My family loves pie and I usually use a box of pudding to make the filling. I had been using a sugar-free version for a while but we've made the decision that eating sugar (in moderation) is better than the SF stuff.
I bought regular pudding in a box and it was good. Then I decided to try and make my own and get rid of another pre-measured boxed helper. It's so easy to make! Even if you don't want a pie, the pudding is fantastic alone and even yummy slightly warm. The egg yolks add a lovely richness and color. I see many more pies in our future.

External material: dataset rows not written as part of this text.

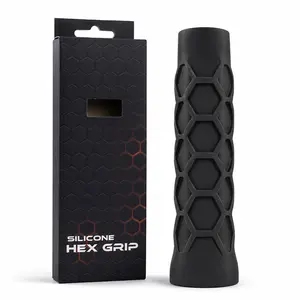 Pickleball Paddle Silicone Hex Grip Sleeve, Non-Slip Honeycomb Handle Cover, Comfortable Paddle Grip Accessory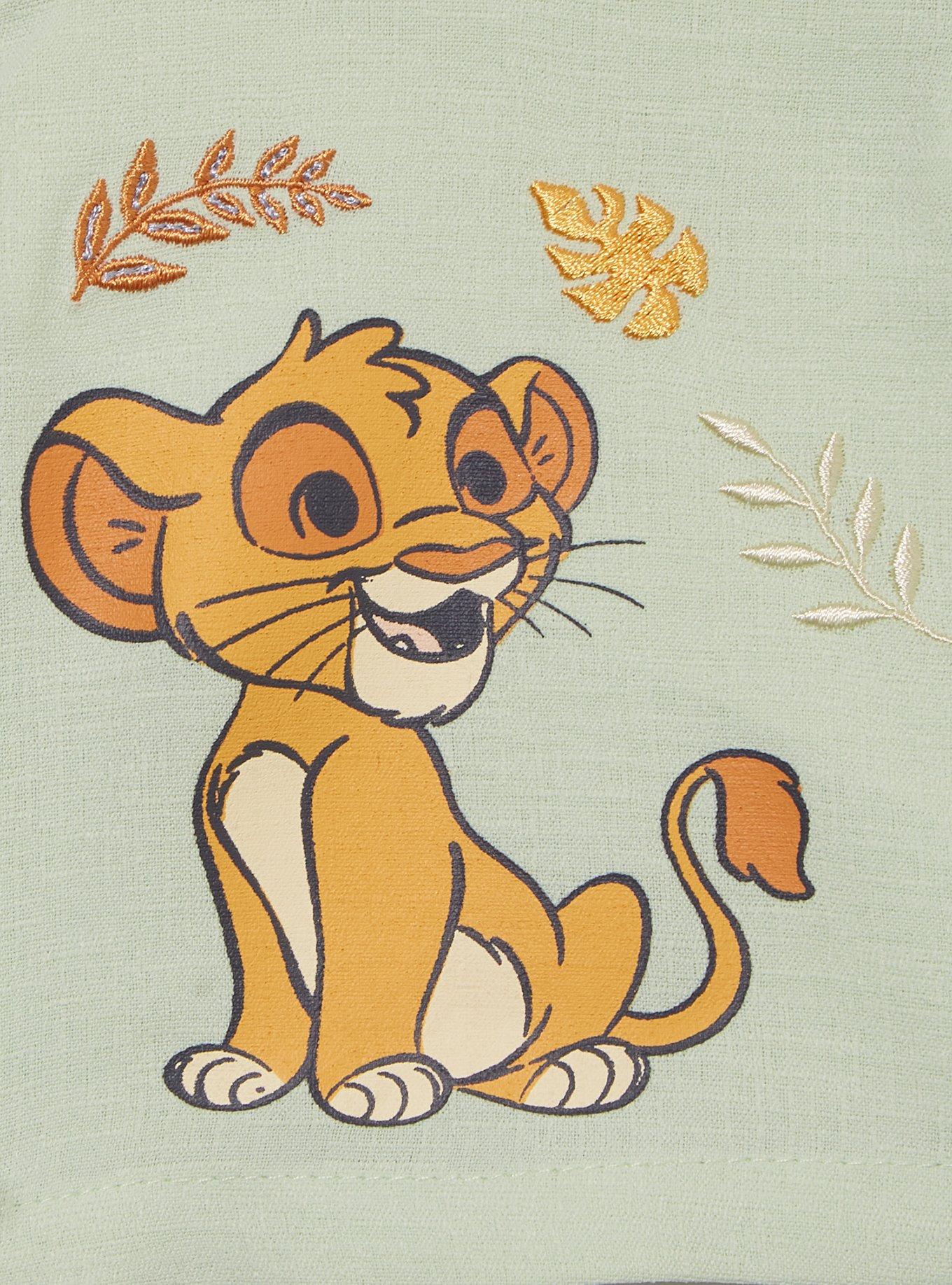 Disney The Lion King Simba, Timon, & Pumbaa Infant Linen Shirt and Pants Set - BoxLunch Exclusive, SAGE, alternate
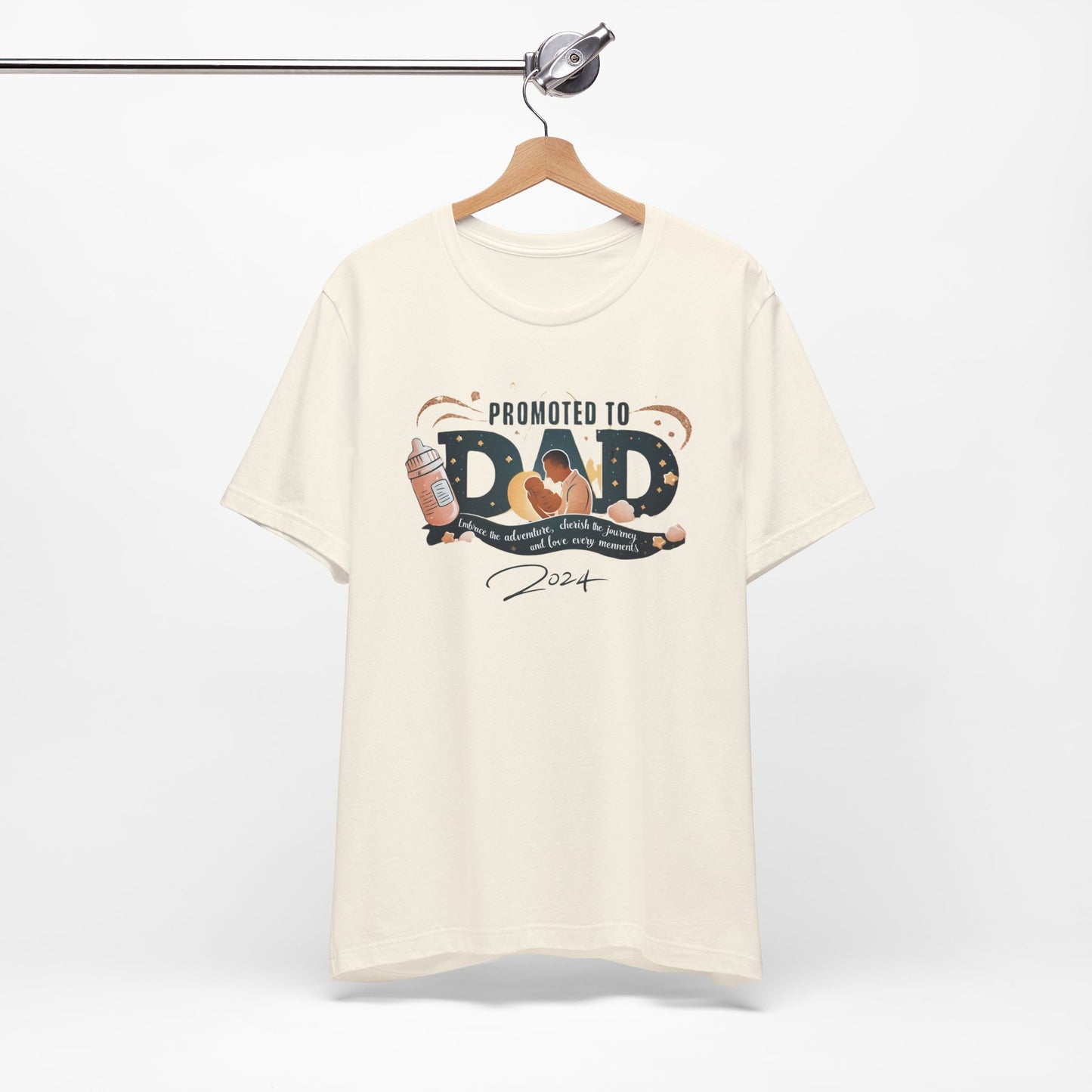 Promoted to Dad 2024 T-Shirt | Celebrate Fatherhood with Style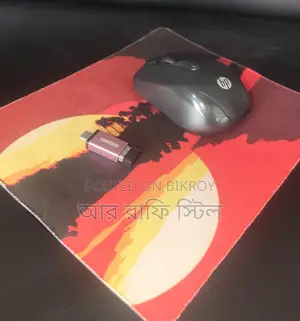 HP Wireless Mouse and Remax OTG Adapter for Sale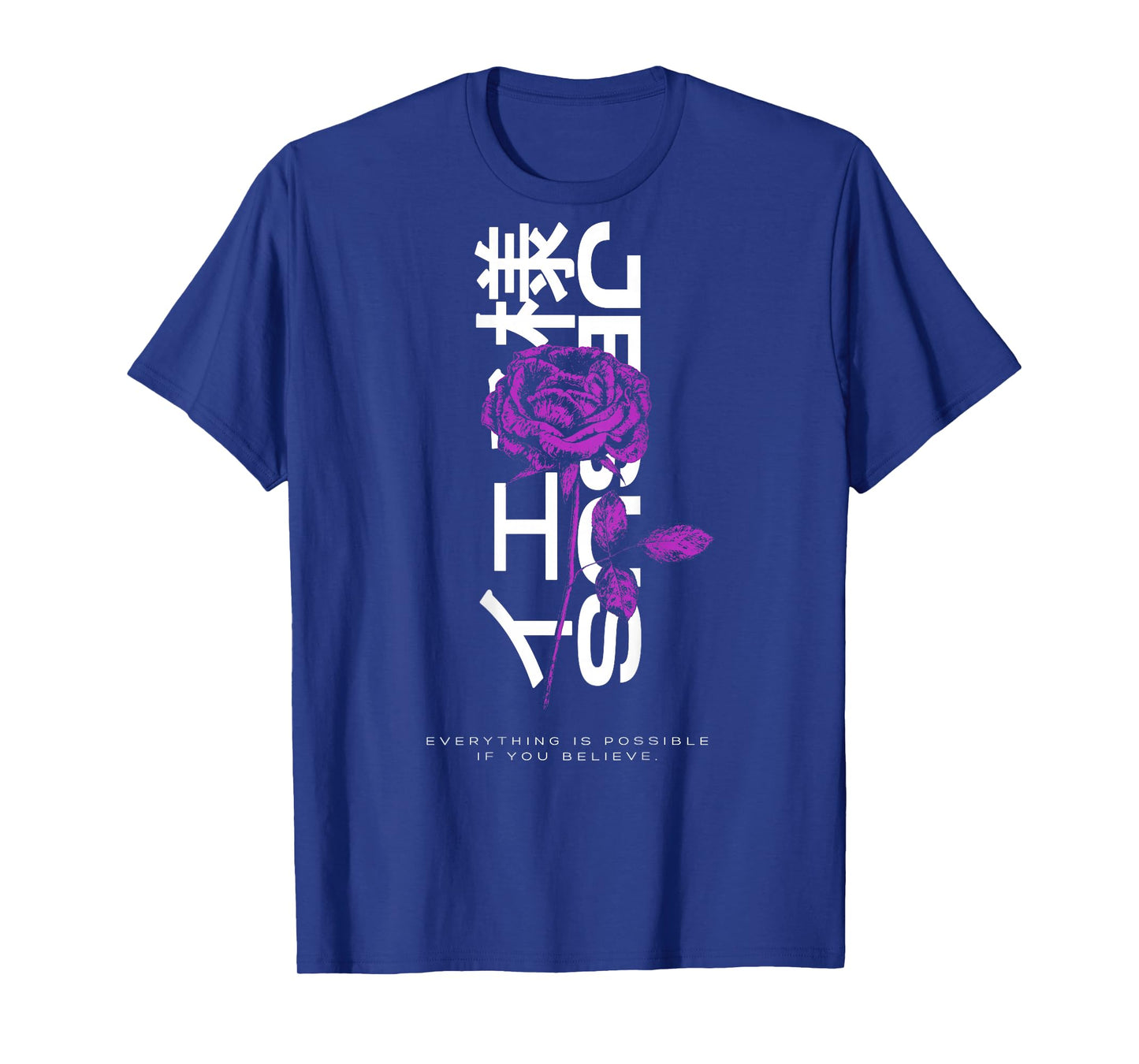 Y2K Jesus Faith Graphic Backprint Streetwear T-Shirt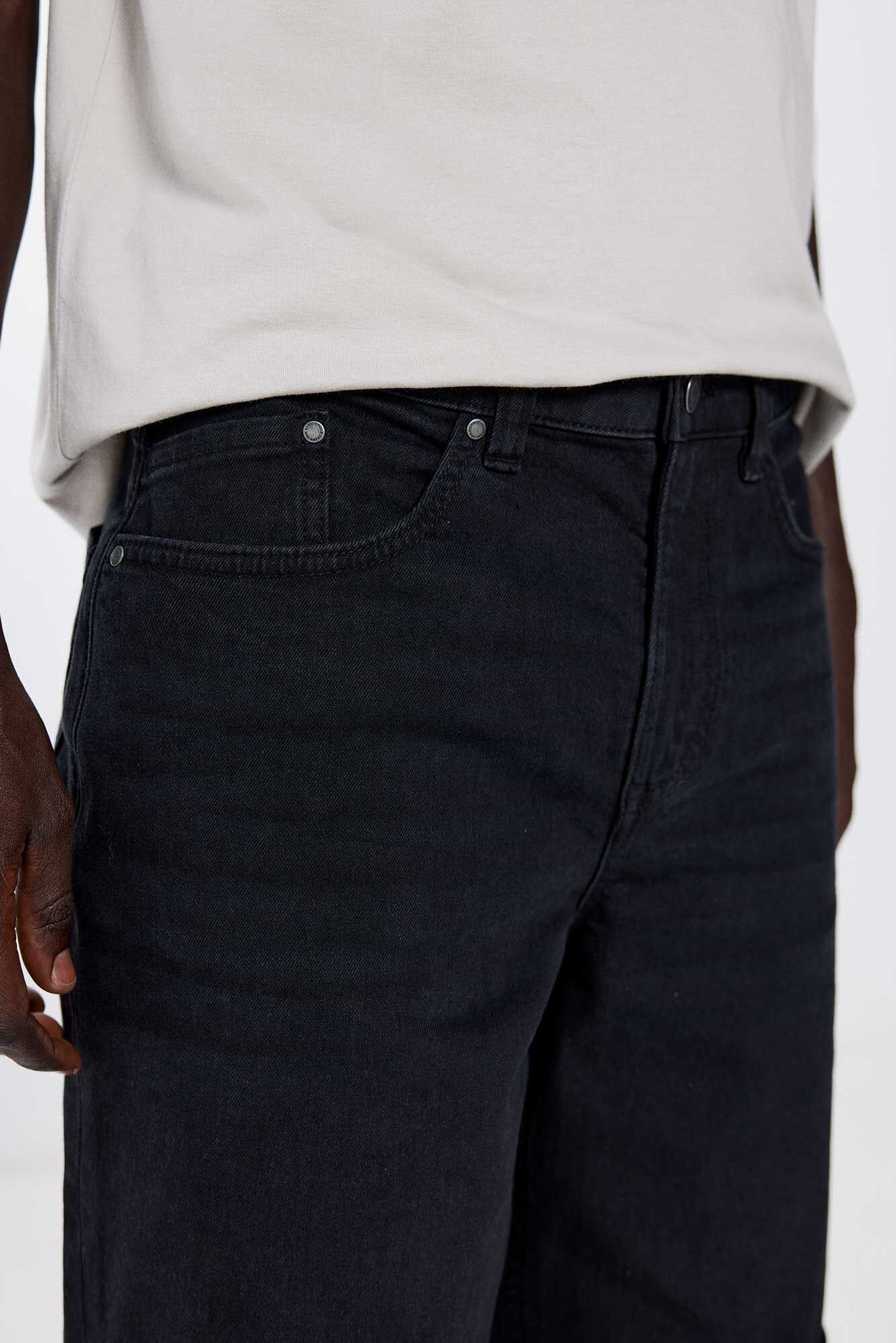 Springfield Bermuda denim b&aacute;sica negra negro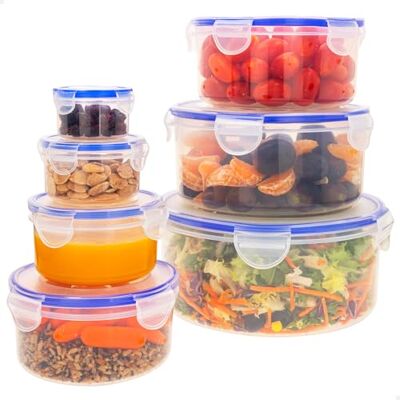 AKTIVE 16558 Max Home Pack 7 luftdichte Frischhaltedosen aus Kunststoff, Größen von 0,08 l bis 3,6 l, luftdichter Verschluss, BPA-freier Kunststoff, optimal für frische Flüssigkeiten und Lebensmittel, AKTIVE 16558 Max Home Pack 7 luftdichte Frischhaltedosen aus Kunststoff, Größen von 0,08 l bis 3,6 l, luftdichter Verschluss, BPA-freier Kunststoff, optimal für frische Flüssigkeiten und Lebensmittel,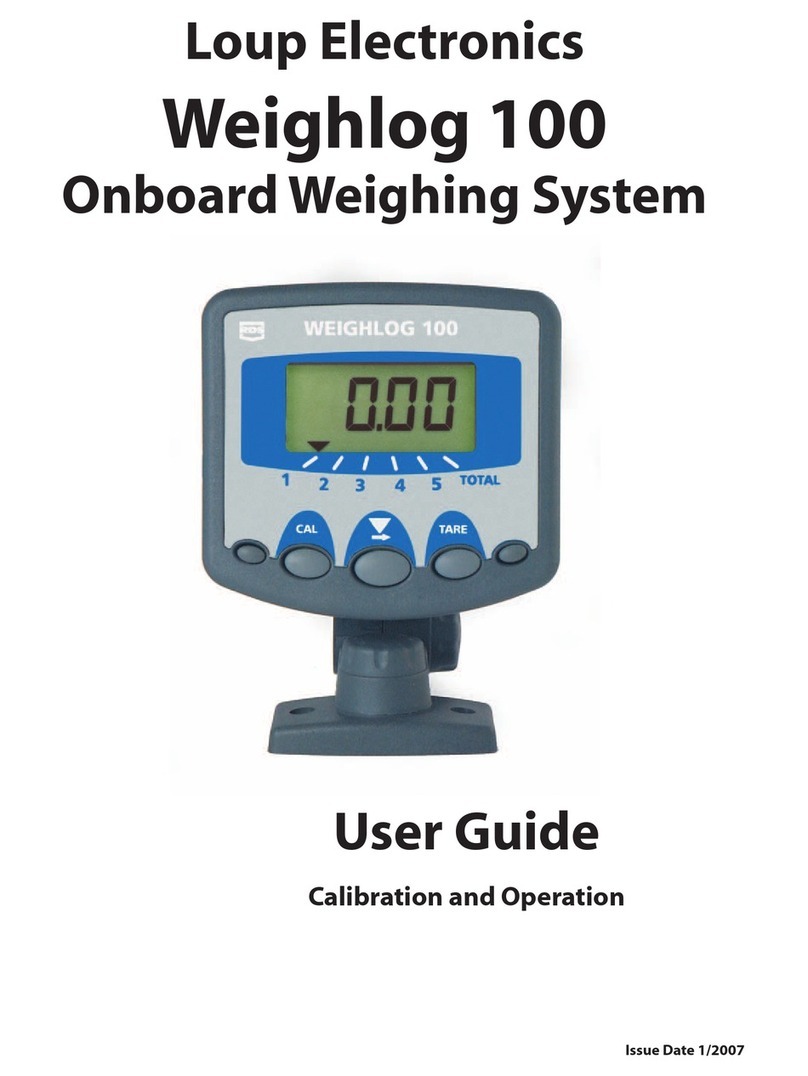 Loup Electronics Weighlog 100 User manual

Old-Fashioned Banana Cream Pie1 baked pie crust
2/3 cup sugar *
1/4 cup cornstarch
1/4 teaspoon salt
2-3/4 cup milk (I used whole goat milk)
5 eggs yolks
1 Tablespoon butter
1-2 teaspoons vanilla extract
whipped topping or 1 cup heavy whipping cream plus 2 T powdered sugar
In separate bowl mix together egg yolks and milk.
Pour wet into dry and whisk. There shouldn't be any lumps. Add in the pat of butter. Don't worry, it will melt and incorporate into the pudding.
Cook over medium heat, stirring constantly, until it comes to a boil. This can take anywhere from 6-10 minutes.
Boil for 30 seconds to 1 minute or until nice and thick. Remove from heat, mix in vanilla extract.
Cover with plastic wrap making sure the plastic is on the surface so it doesn't create a skin when as it cools. When I first checked my pudding it was about 180 degrees. I cooled it to about 100 degrees before I added it to my pie crust. I had made my pie crust ahead and had it frozen ready for pie day. I took it straight out of the freezer when I was ready to add the pudding. This also helps cool it down.
Layer sliced bananas in the bottom and up the sides a little if you like. I used 3 bananas here but you can use less or more as long as the pudding covers it.
Looks pretty good here but let's...
add some whipped topping or you can use the heavy whipping cream beaten to a soft peak with about 2 Tablespoons of powdered sugar. I used a large tip #190 for these little rosettes. You could certainly cover the whole pie if you wanted to. Set the pie in the fridge until cool and firm. This will be at least 3 hours.